The modification to the UHCIA has done away with this charting
requirement and replaced it with the client’s right to request an
“accounting of disclosures” made during the six years prior to the
client’s request for that accounting. Though this sounds good (in
terms of informing the client about what disclosures are made of their
private information), this legally defined “accounting” has quite a
list of exceptions, which means an accounting does not include
disclosures:
• for treatment, payment & healthcare operations
• to the client/patient regarding his/her own healthcare information
• for uses and disclosures permitted by law
• for authorizations by the client/patient about his/her own health
care information
• of directory information (i.e., a hospital directory)
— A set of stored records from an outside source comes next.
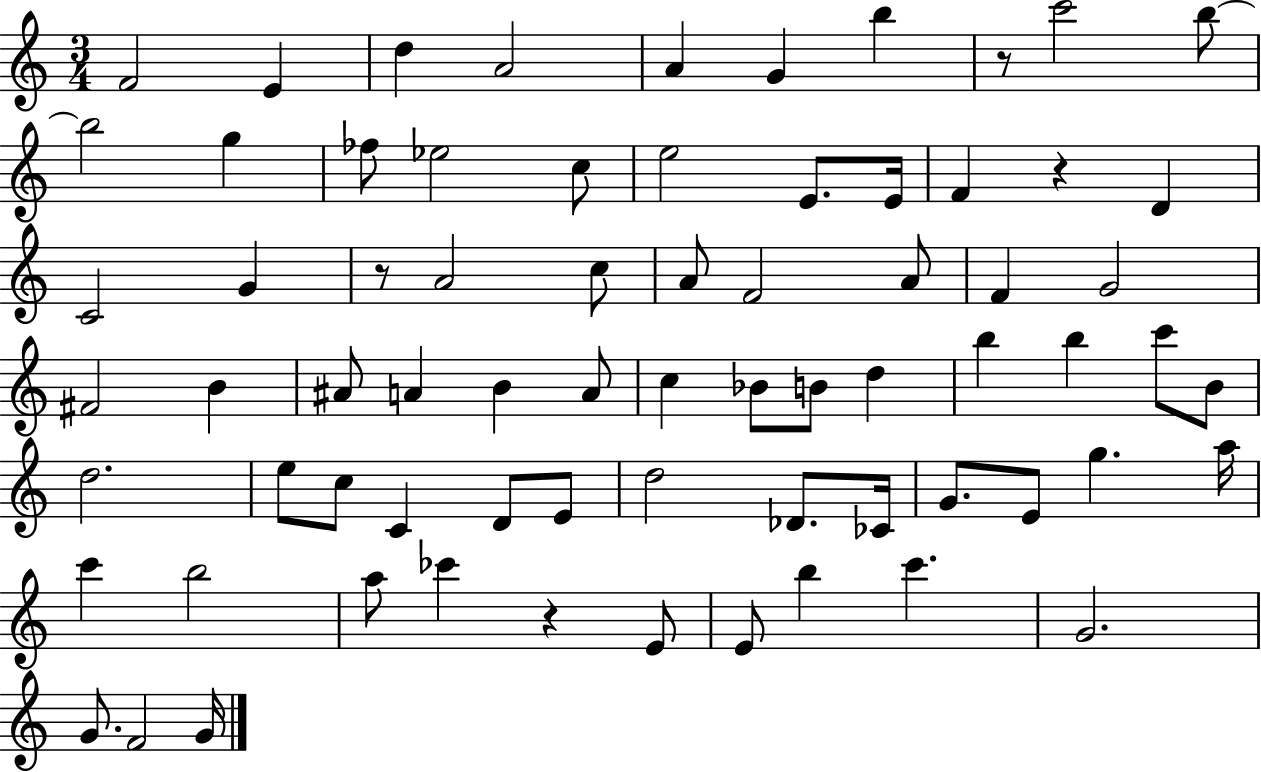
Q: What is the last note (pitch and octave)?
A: G4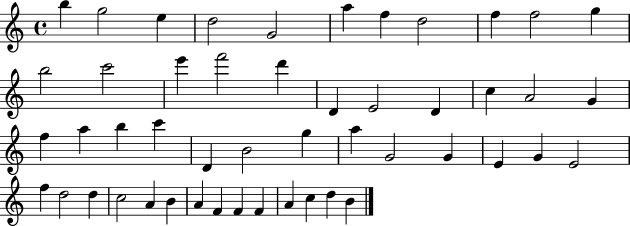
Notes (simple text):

B5/q G5/h E5/q D5/h G4/h A5/q F5/q D5/h F5/q F5/h G5/q B5/h C6/h E6/q F6/h D6/q D4/q E4/h D4/q C5/q A4/h G4/q F5/q A5/q B5/q C6/q D4/q B4/h G5/q A5/q G4/h G4/q E4/q G4/q E4/h F5/q D5/h D5/q C5/h A4/q B4/q A4/q F4/q F4/q F4/q A4/q C5/q D5/q B4/q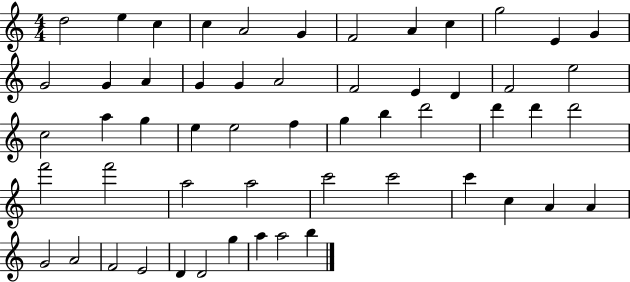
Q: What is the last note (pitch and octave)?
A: B5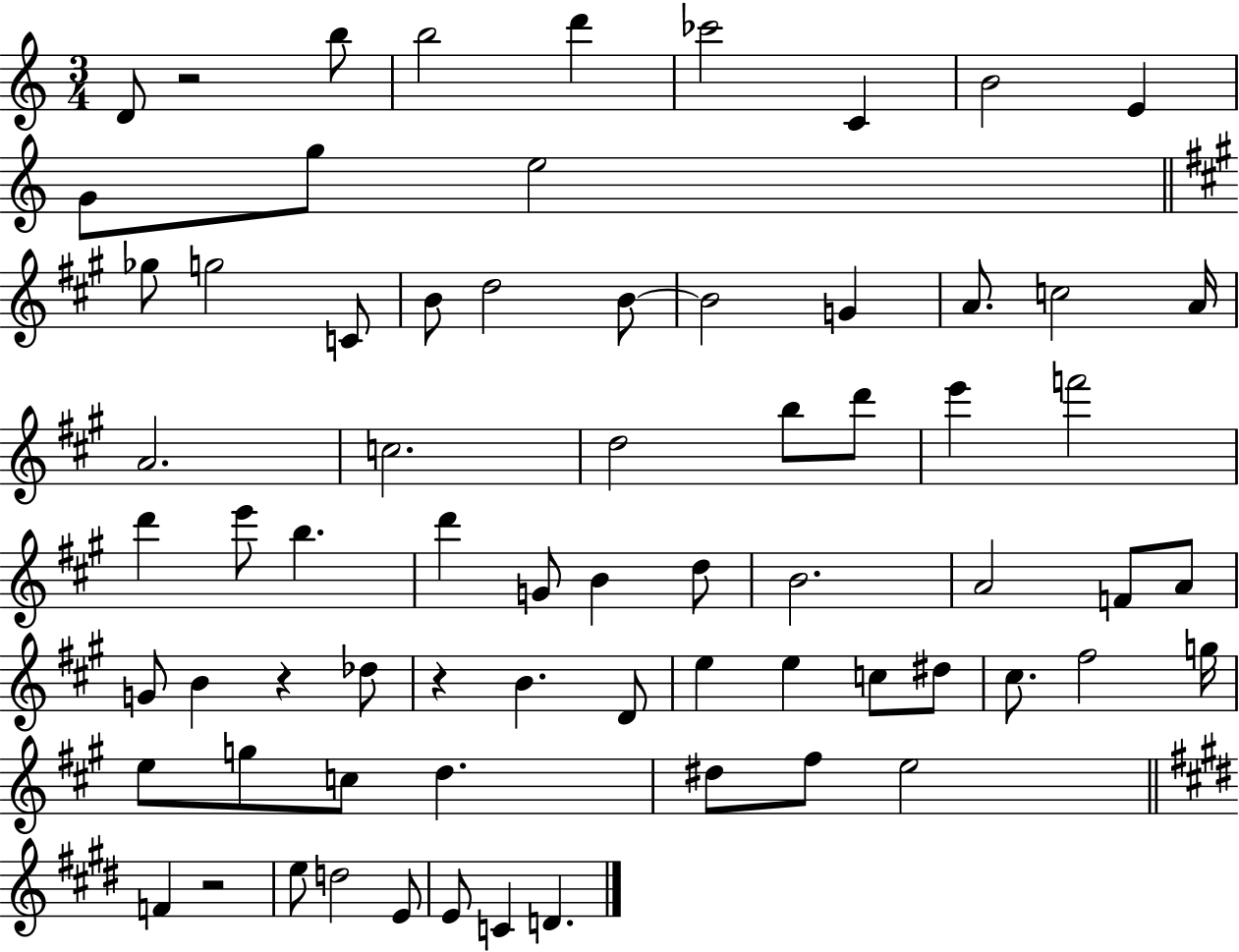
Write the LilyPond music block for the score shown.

{
  \clef treble
  \numericTimeSignature
  \time 3/4
  \key c \major
  \repeat volta 2 { d'8 r2 b''8 | b''2 d'''4 | ces'''2 c'4 | b'2 e'4 | \break g'8 g''8 e''2 | \bar "||" \break \key a \major ges''8 g''2 c'8 | b'8 d''2 b'8~~ | b'2 g'4 | a'8. c''2 a'16 | \break a'2. | c''2. | d''2 b''8 d'''8 | e'''4 f'''2 | \break d'''4 e'''8 b''4. | d'''4 g'8 b'4 d''8 | b'2. | a'2 f'8 a'8 | \break g'8 b'4 r4 des''8 | r4 b'4. d'8 | e''4 e''4 c''8 dis''8 | cis''8. fis''2 g''16 | \break e''8 g''8 c''8 d''4. | dis''8 fis''8 e''2 | \bar "||" \break \key e \major f'4 r2 | e''8 d''2 e'8 | e'8 c'4 d'4. | } \bar "|."
}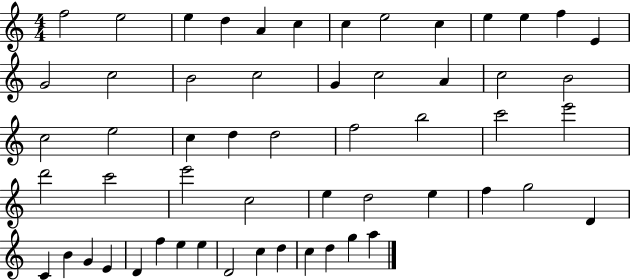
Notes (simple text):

F5/h E5/h E5/q D5/q A4/q C5/q C5/q E5/h C5/q E5/q E5/q F5/q E4/q G4/h C5/h B4/h C5/h G4/q C5/h A4/q C5/h B4/h C5/h E5/h C5/q D5/q D5/h F5/h B5/h C6/h E6/h D6/h C6/h E6/h C5/h E5/q D5/h E5/q F5/q G5/h D4/q C4/q B4/q G4/q E4/q D4/q F5/q E5/q E5/q D4/h C5/q D5/q C5/q D5/q G5/q A5/q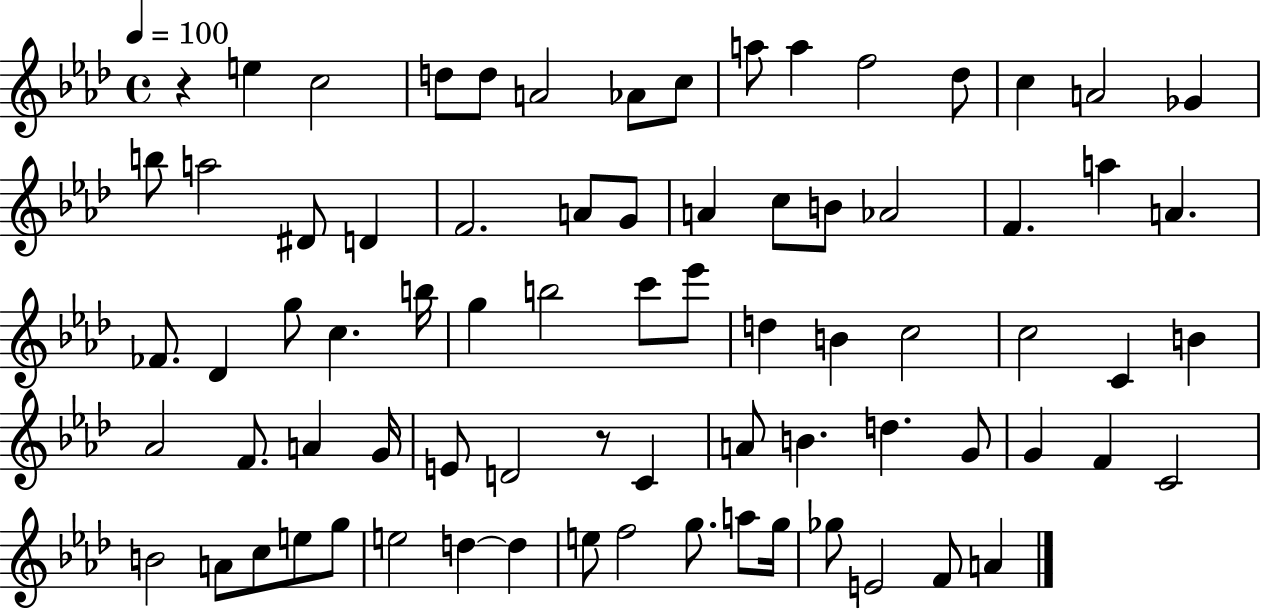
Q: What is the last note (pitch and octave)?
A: A4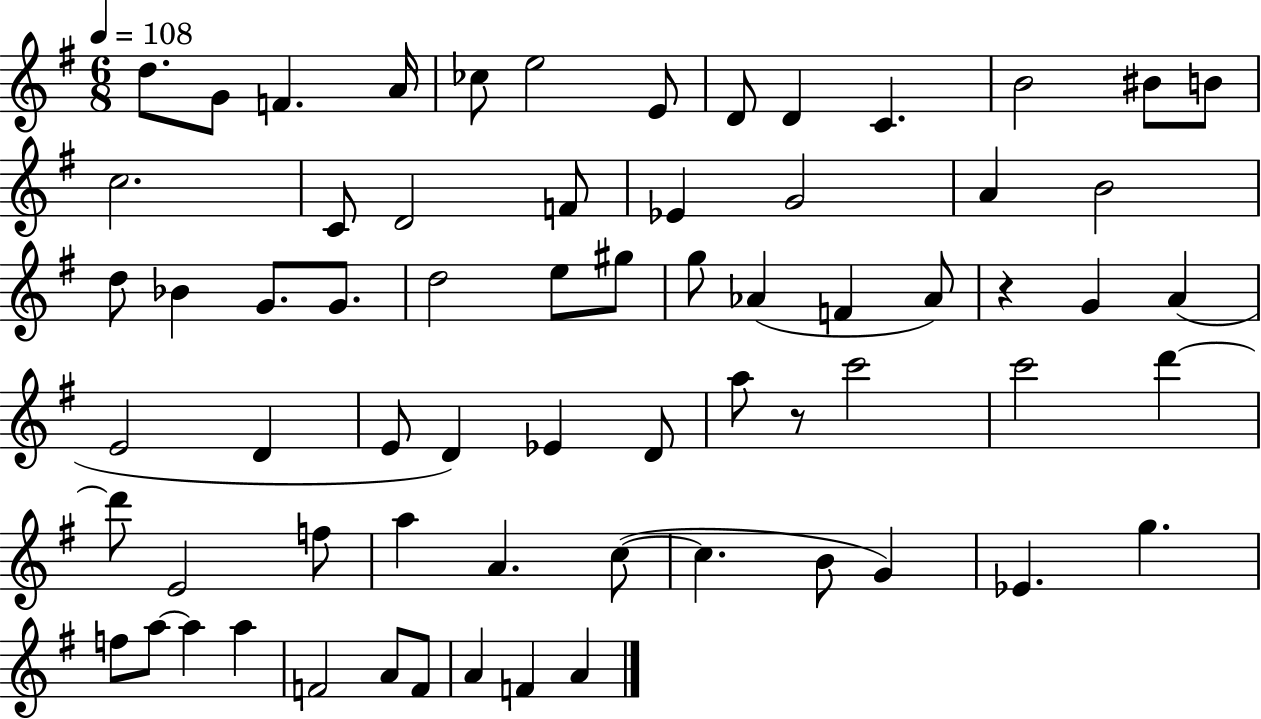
X:1
T:Untitled
M:6/8
L:1/4
K:G
d/2 G/2 F A/4 _c/2 e2 E/2 D/2 D C B2 ^B/2 B/2 c2 C/2 D2 F/2 _E G2 A B2 d/2 _B G/2 G/2 d2 e/2 ^g/2 g/2 _A F _A/2 z G A E2 D E/2 D _E D/2 a/2 z/2 c'2 c'2 d' d'/2 E2 f/2 a A c/2 c B/2 G _E g f/2 a/2 a a F2 A/2 F/2 A F A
• to people involved in the client’s care
• for national security or intelligence
• to correctional institutions or law enforcement officials, or
• of a limited data set without direct identifiers
Changes to the UHCIA also include the addition of definitions of
three terms that are in the above list of exceptions:
“Health Care Operations” - the activities of a health care provider,
health care facility, or third-party payor related to their business,
including conducting quality improvement; reviewing the competence and
qualifications of health care providers; underwriting and
premium-rating; conducting or arranging for medical review, legal, and
auditing services; conducting business planning and development; and
carrying out business management and administration functions.
“Payment” - the activities of 1) a third-party payor to obtain
premiums or provide coverage and benefits, or 2) a health care
provider or facility or third-party payor to obtain or provide
reimbursement for health care services.
“Treatment” - the provision, coordination, or management of health
care services by health care providers or facilities, including
coordination of health care with a third party and consultation with
or referral to another health care provider or facility.
So, what this means is that though a client may request an accounting
of disclosures, this accounting is not required to include disclosures
about a client made to anyone working within a treatment agency; to
third party payors; to the clinician’s attorney, accountant, or
business consultant; to any staff the clinician might employ; to third
party payors; to other treatment providers; to a consultant; or to
someone to whom the clinician refers the client.
In the past, clients had some built-in control of the release of their
healthcare information in that any authorizations they signed (with
the exception of authorizations to third party payors), expired in 90
days, and did not include information regarding future healthcare
services more than 90 days after the date they signed the
authorization. With the changes to the UHCIA, this 90 day expiration
no longer exists, nor does the limit on future healthcare services
beyond 90 days.
Additional latitude for disclosure includes a new permission that a
health care provider, facility, or third-party payor may disclose a
client’s health care information for its own operations or the
operations of another health care provider/facility/third party payor
without the client’s authorization if the other entity had a
“relationship” with the client/patient.
Clinicians should be aware that these changes are in addition to the
section of the UHCIA that already included permission for a health
care provider or clinician to disclose health care information about a
client/patient without the client/patient’s authorization, to someone
the clinician believes is providing healthcare to the client/patient;
and/or to anyone who requires that information for health care
education or planning, quality assurance, peer review, or
administrative, legal, financial, actuarial services to or on behalf
of the health care provider; or to any person if the provider believes
this disclosure will minimize or avoid an imminent danger to any
individual; or to immediate family members or any other individual
with whom the client/patient has a close personal relationship (unless
the client/patient has told the provider to not make such a
disclosure).
New Criteria for Valid WA State Authorization for Disclosure:
• Must be in
written form, dated, & signed by the client/patient
• Must identify the nature of the information to be disclosed
• Must identify the name and institutional affiliation of the person
or class of persons to whom the info is to be disclosed
• Must identify the provider or class of providers who are to make
the disclosure
• Must identify the patient/client
• Must contain an expiration date or an expiration event that
relates to the patient/client or the purpose of the use or
disclosure.
• May be written to include disclosure to a class of persons,
including researchers or third-party payors.